Las dificultades que han surgido para que Uruguay lleve adelante su decisión soberana sobre la producción y comercialización de marihuana pueden superarse. Sobran razones para este pronóstico, y basta con mencionar dos de ellas.

En primer lugar, no se trata de un camino que se le haya ocurrido recorrer a unos pocos compatriotas ingenuos, sino de uno que está planteado desde hace años en numerosos foros internacionales, con apoyo de fuerzas poderosas que asumen el fracaso y los efectos contraproducentes de la “guerra contra las drogas” lanzada, en 1971, por el entonces presidente estadounidense Richard Nixon. La misma alternativa es impulsada en otros lugares del mundo, incluyendo una parte creciente de Estados Unidos, y los primeros en transitar un nuevo camino siempre afrontan más obstáculos y riesgos, pero eso no impide que las sociedades cambien.

En segundo lugar, la vigencia de ciertas disposiciones de la Reserva Federal estadounidense o internacionales, invocadas por algunos grandes bancos, sólo es una muestra de que en este caso, como pasa muy a menudo, las leyes van detrás de los cambios sociales. Esas normas fueron, obviamente, intentos de combatir actividades que en su momento sólo podían ser delictivas, pero que en el nuevo marco, establecido por decisiones democráticas legítimas en Uruguay y en otros lugares, ya no lo son. En estas nuevas condiciones no hay “lavado de dinero”, sino transacciones con dinero limpio desde su origen, procedente de actos legales y sumamente (quizá por demás) reguladas y controladas, desde la siembra al consumo.
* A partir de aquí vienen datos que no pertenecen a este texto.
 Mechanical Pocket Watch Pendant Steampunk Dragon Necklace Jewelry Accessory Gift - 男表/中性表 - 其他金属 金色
Es posible que jueguen en algún caso factores ideológicos, ya que en todas partes hay personas incapaces de distinguir la diferencia entre lo que les parece mal y lo que no debe permitirse. Así sucede ante muchos cambios relacionados con la llamada “agenda de derechos”, pero es evidente que legalidad y moral son – salvo para los fundamentalistas, no sólo islámicos– conceptos sustancialmente distintos: por eso es posible amasar, a la vista de todos y sin consecuencias penales, grandes fortunas con negocios muchísimo más condenables y dañinos que el del cannabis.
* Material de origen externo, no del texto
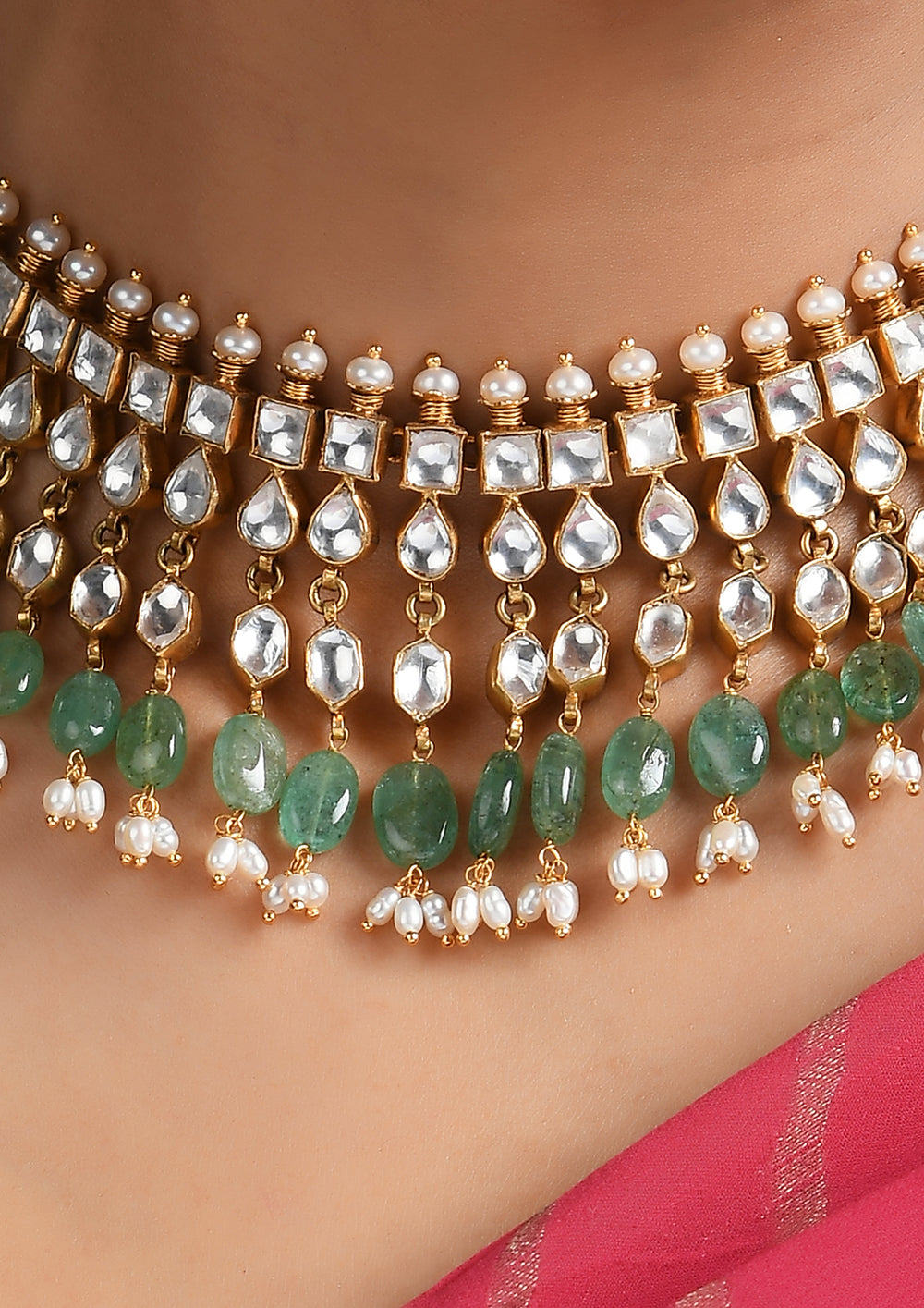 Classic Monochrome Three-Layer Kundan Necklace With Semi-Emeralds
Sin embargo, no hace falta tener una especial inclinación hacia las teorías conspirativas para pensar que no se trata sólo de resistencias ideológicas. Los grandes bancos manejan mucho dinero sospechando –por lo menos– que proviene del crimen organizado, y es imaginable que en algún caso hagan un poco de fuerza para defender los intereses de poderosos clientes, que podrían ser hasta accionistas.
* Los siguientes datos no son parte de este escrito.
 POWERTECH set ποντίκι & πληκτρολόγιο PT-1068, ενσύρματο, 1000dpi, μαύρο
Muy por debajo de las pulseadas internacionales, y en escala casi aldeana, están algunas disputas domésticas, en las que intervienen también factores ideológicos, además de cuestiones políticas de imagen y prestigio. Cuanto más incidan estos intereses, menores serán las posibilidades de que el sistema institucional uruguayo coopere con la búsqueda de soluciones, a fin de defender la soberanía nacional y de minimizar los perjuicios para los actores locales, mientras el mundo se adecua a la nueva realidad. Sería triste que, en vez de reivindicar nuestro derecho a probar rumbos, retrocediéramos a la mediocre seguridad de esperar por decisiones ajenas y seguir la corriente.